Thanks for your thoughts guys. I agree with u banjar, but it's still a hard choice. I like the feel of all 3 of them. But the m&p feels the best, I really like the p99AS with the da/sa. But im a big fan of external hammers and thumb safetys and two tone of the fnp. Although the two tone isn't so important. All 3 are very accurate, reliable, good lookin. It's just a hard choice


----------



## cruzthepug (Mar 16, 2008)

ak49 said:


> Thanks for your thoughts guys. I agree with u banjar, but it's still a hard choice. I like the feel of all 3 of them. But the m&p feels the best, I really like the p99AS with the da/sa. But im a big fan of external hammers and thumb safetys and two tone of the fnp. Although the two tone isn't so important. All 3 are very accurate, reliable, good lookin. It's just a hard choice


It looks like you decided on the FN, good choice :smt023. What was the deciding factor that made you select it over the other two on your list?


----------



## JeffWard (Aug 24, 2007)

I'm on my second M&P in as many months...

Sold my XDs...

GREAT guns.

JW


----------



## hideit (Oct 3, 2007)

since i don't own any...
from what i have read and studied i would go with the FNP
it seems to me to be the latest design and has features that no other pistol has
by that i mean the external hammer and thumb safety's on both sides, ambi mag release, and it was demonstrated to me at the LGS how simple it is to take down. no trigger pull reqd. this is really a well thought out system which i am not surprised coming from FN


----------



## ak49 (Dec 29, 2008)

cruzthepug said:


> It looks like you decided on the FN, good choice :smt023. What was the deciding factor that made you select it over the other two on your list?


Well there were a few. Like I said I love the ext hammer/ decocker and da/sa. Liked the two tone matte stainless finish.. Alot. And the trigger is just soo nice even brand new. Haven't got a chance to fire it yet but I'm pretty positive that will not regret my pick. However I did screw my self over, cuz starting TOMARROW fnh is doing another shooters pack promo... Two days to early :smt076


----------



## cruzthepug (Mar 16, 2008)

ak49 said:


> Well there were a few. Like I said I love the ext hammer/ decocker and da/sa. Liked the two tone matte stainless finish.. Alot. And the trigger is just soo nice even brand new. Haven't got a chance to fire it yet but I'm pretty positive that will not regret my pick.
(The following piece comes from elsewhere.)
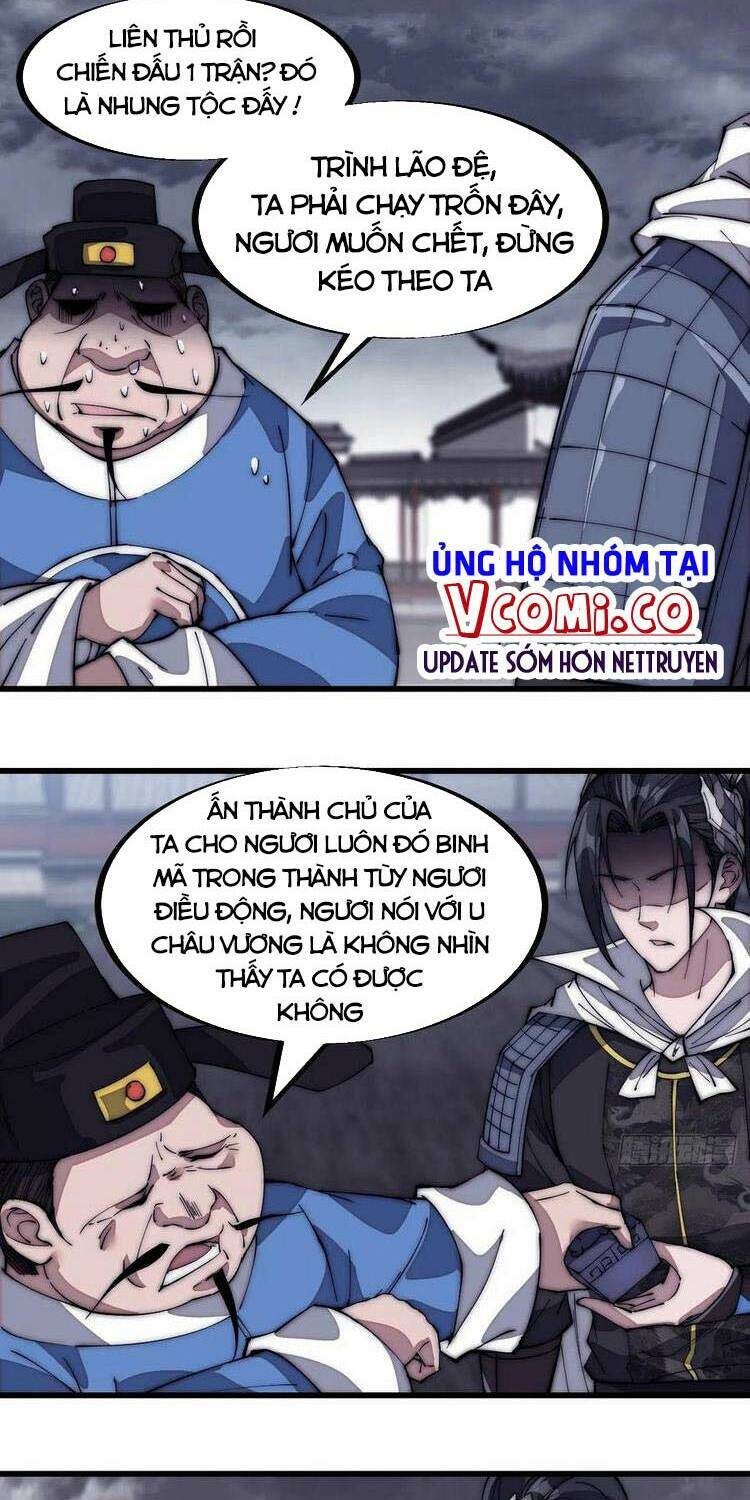 Chương 131 - Trang 23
However I did screw my self over, cuz starting TOMARROW fnh is doing another shooters pack promo... Two days to early :smt076


May be time to get the FNP45:smt112


----------



## MattB (Aug 30, 2008)

hideit said:


> since i don't own any...
> from what i have read and studied i would go with the FNP
> it seems to me to be the latest design and has features that no other pistol has
> by that i mean the external hammer and thumb safety's on both sides, ambi mag release, and it was demonstrated to me at the LGS how simple it is to take down. no trigger pull reqd. this is really a well thought out system which i am not surprised coming from FN


IIRC the M&P is a more recent design than the FNP, but if you like a polymer TDA pistol with an external hammer the FNP is what you want. You might also look at a Sig SP2022, also a TDA pistol with an external hammer and an excellent trigger pull.


----------